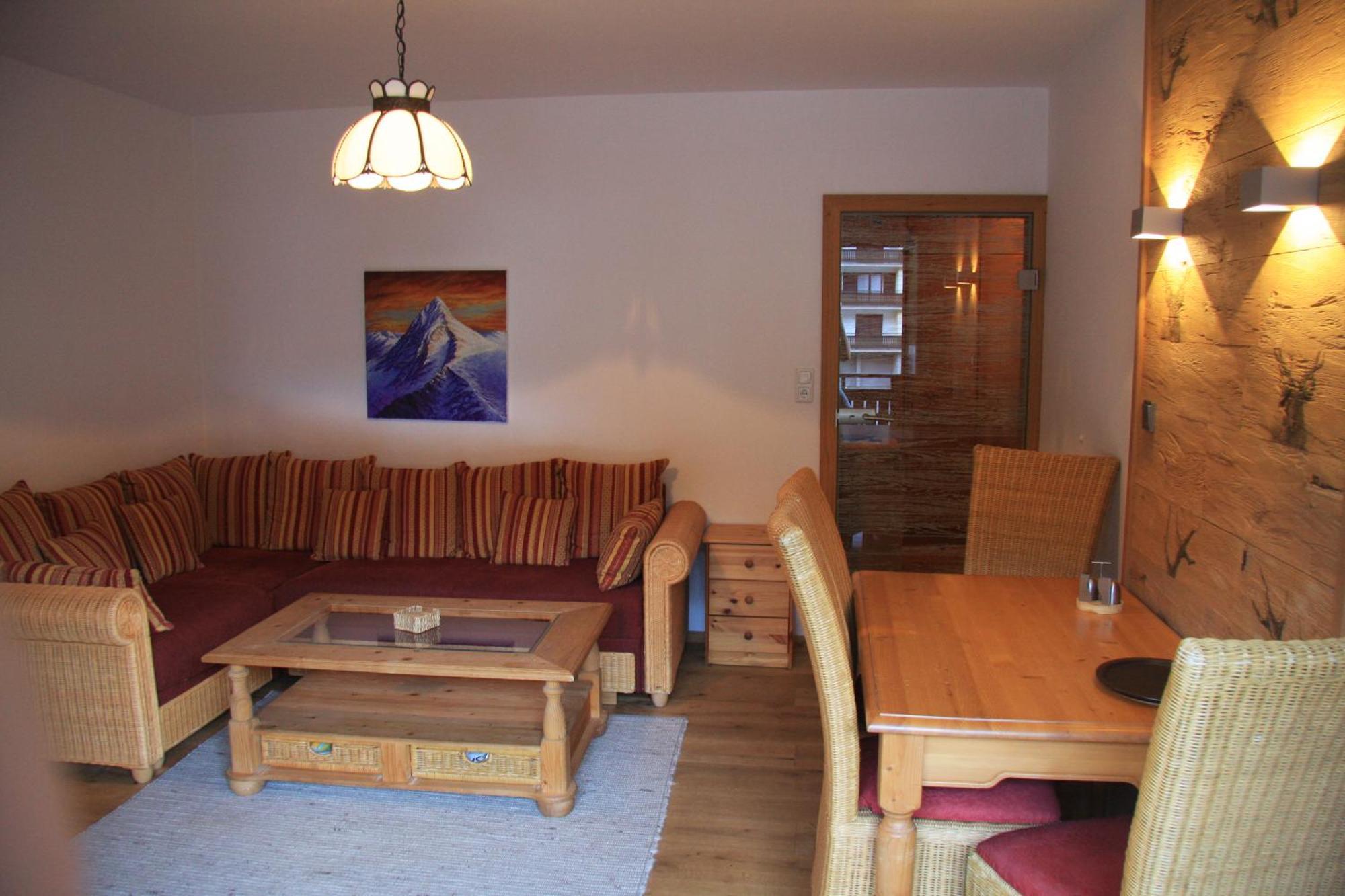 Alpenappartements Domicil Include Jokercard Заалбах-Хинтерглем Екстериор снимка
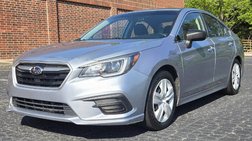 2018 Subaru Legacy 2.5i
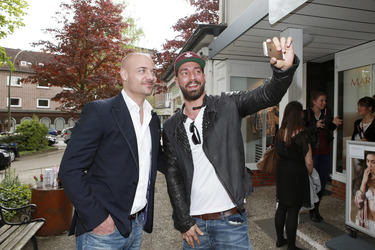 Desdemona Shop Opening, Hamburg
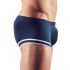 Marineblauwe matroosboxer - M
==
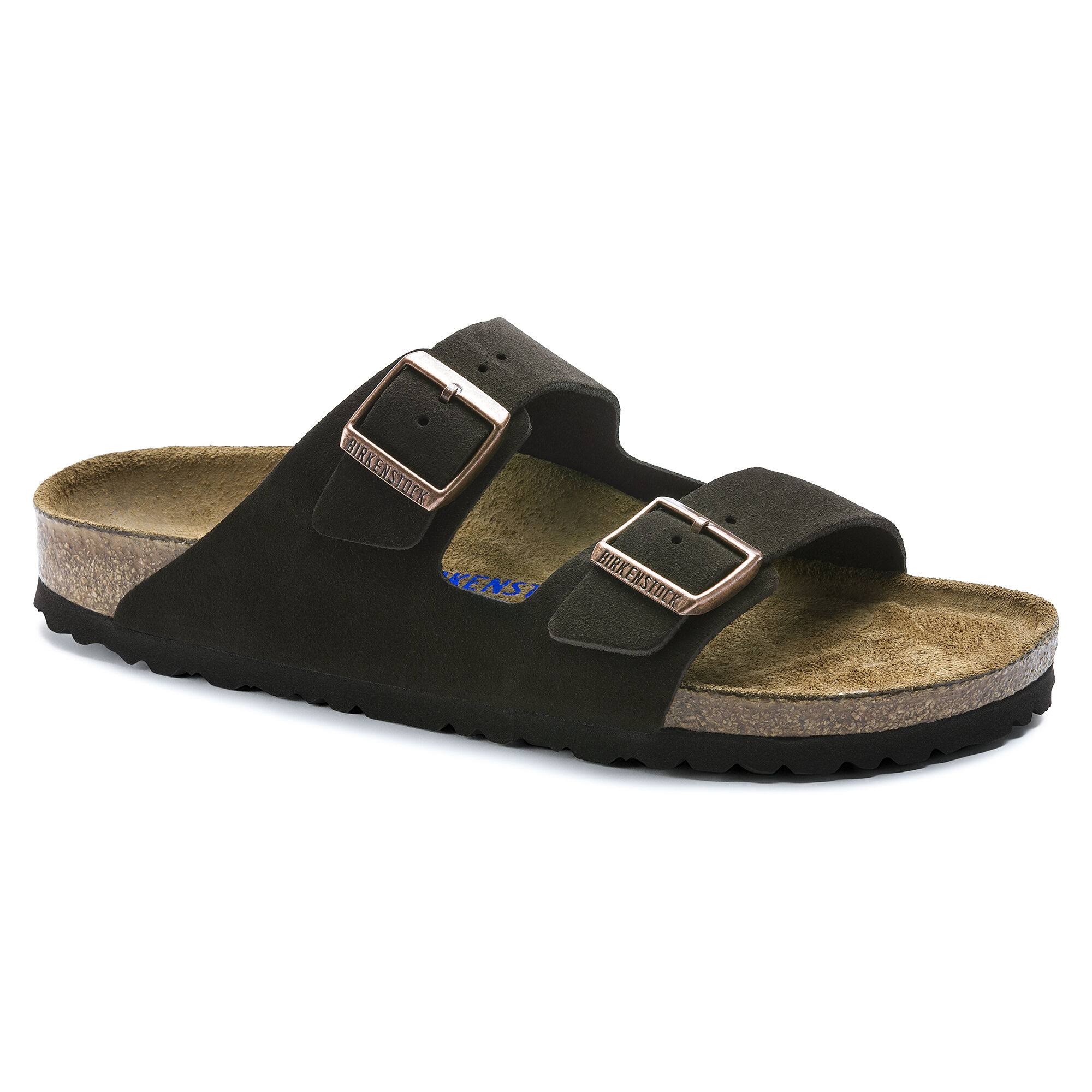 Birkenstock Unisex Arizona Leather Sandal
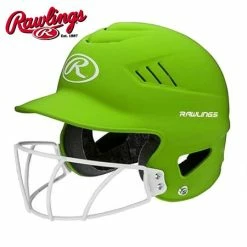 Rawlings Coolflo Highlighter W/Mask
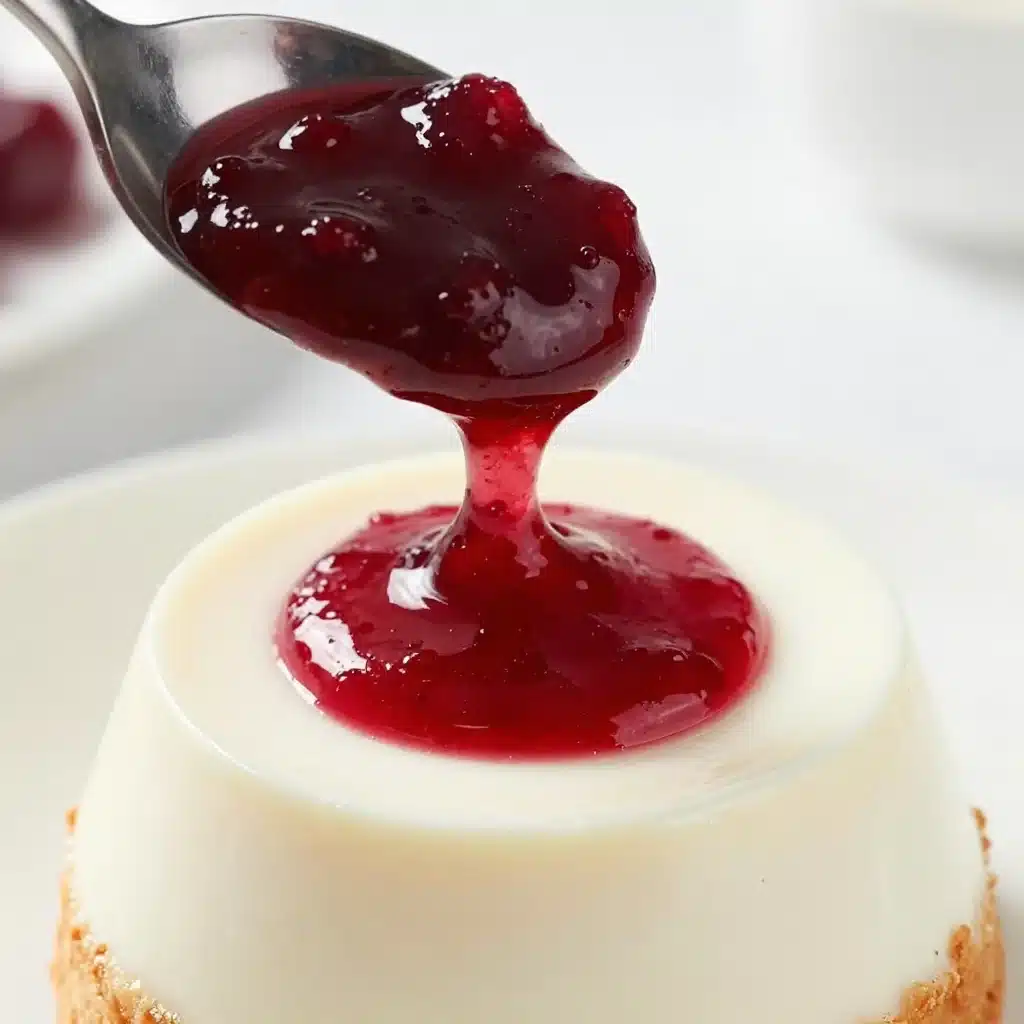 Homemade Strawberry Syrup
* * *
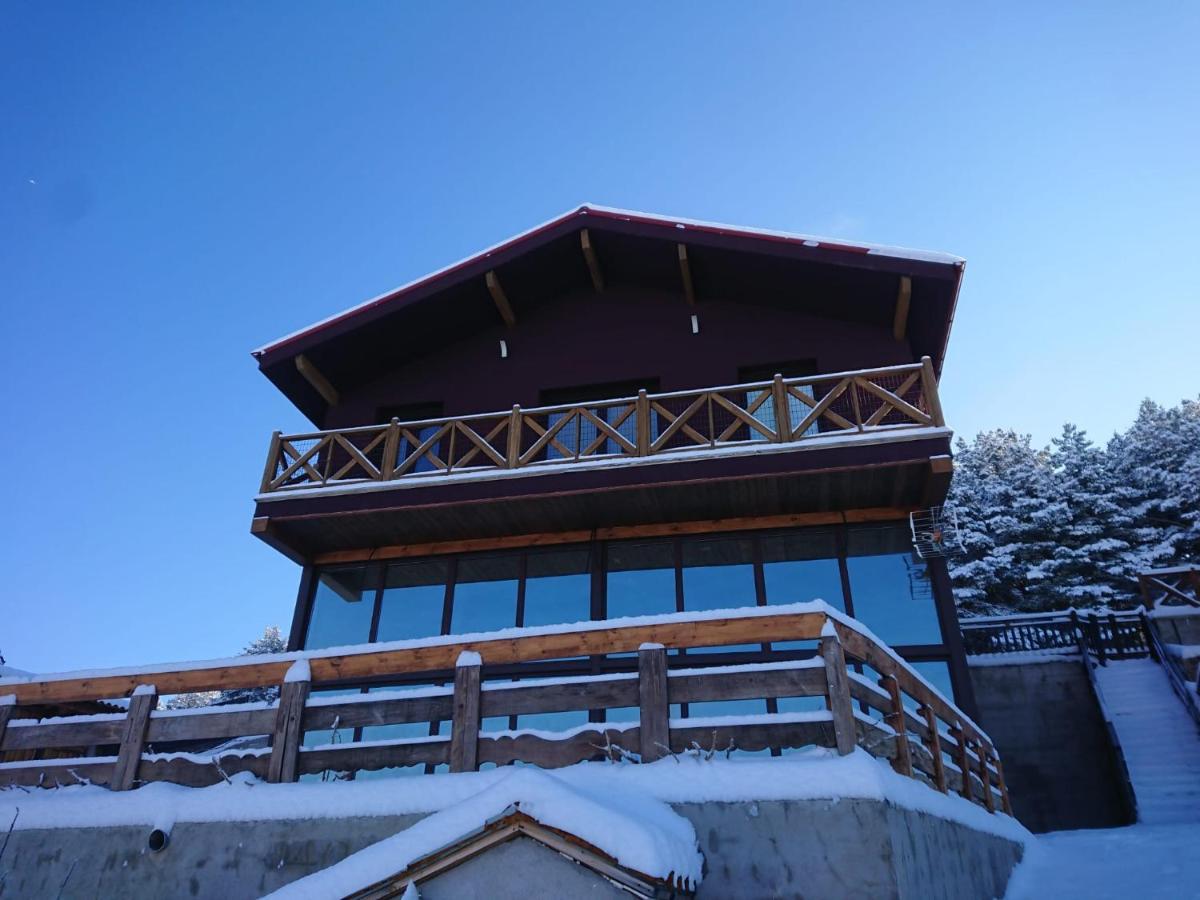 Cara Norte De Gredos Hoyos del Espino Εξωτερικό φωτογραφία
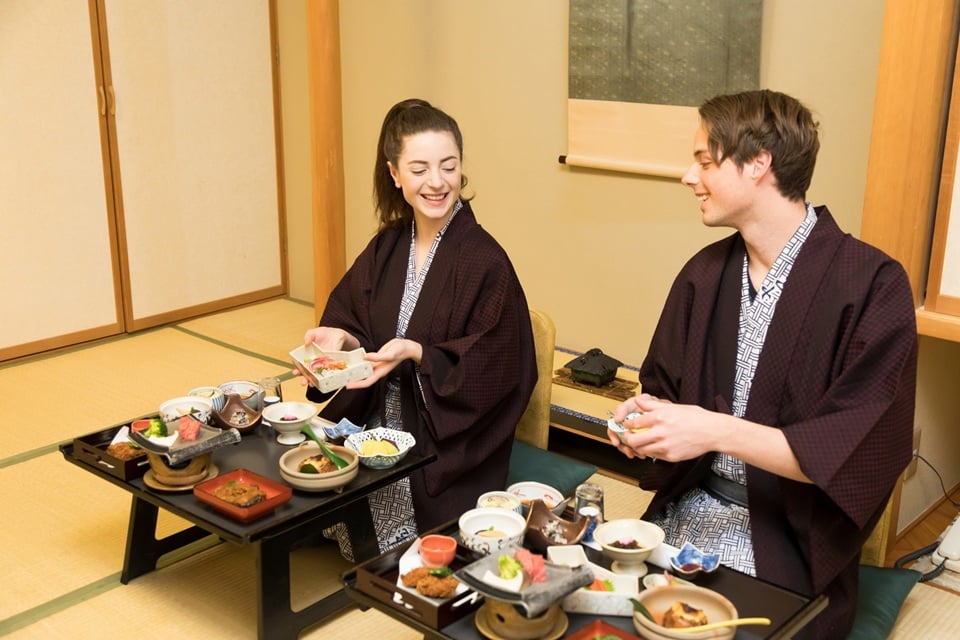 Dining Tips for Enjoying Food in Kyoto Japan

Exercise requirements:
What to print is the stretch of entries from the line with "2018 Subaru Legacy 2.5i" up to and including the line with "Marineblauwe matroosboxer - M". Please print it exactly and leave out the pictures.

Completed task:
 2018 Subaru Legacy 2.5i
 Desdemona Shop Opening, Hamburg
 Marineblauwe matroosboxer - M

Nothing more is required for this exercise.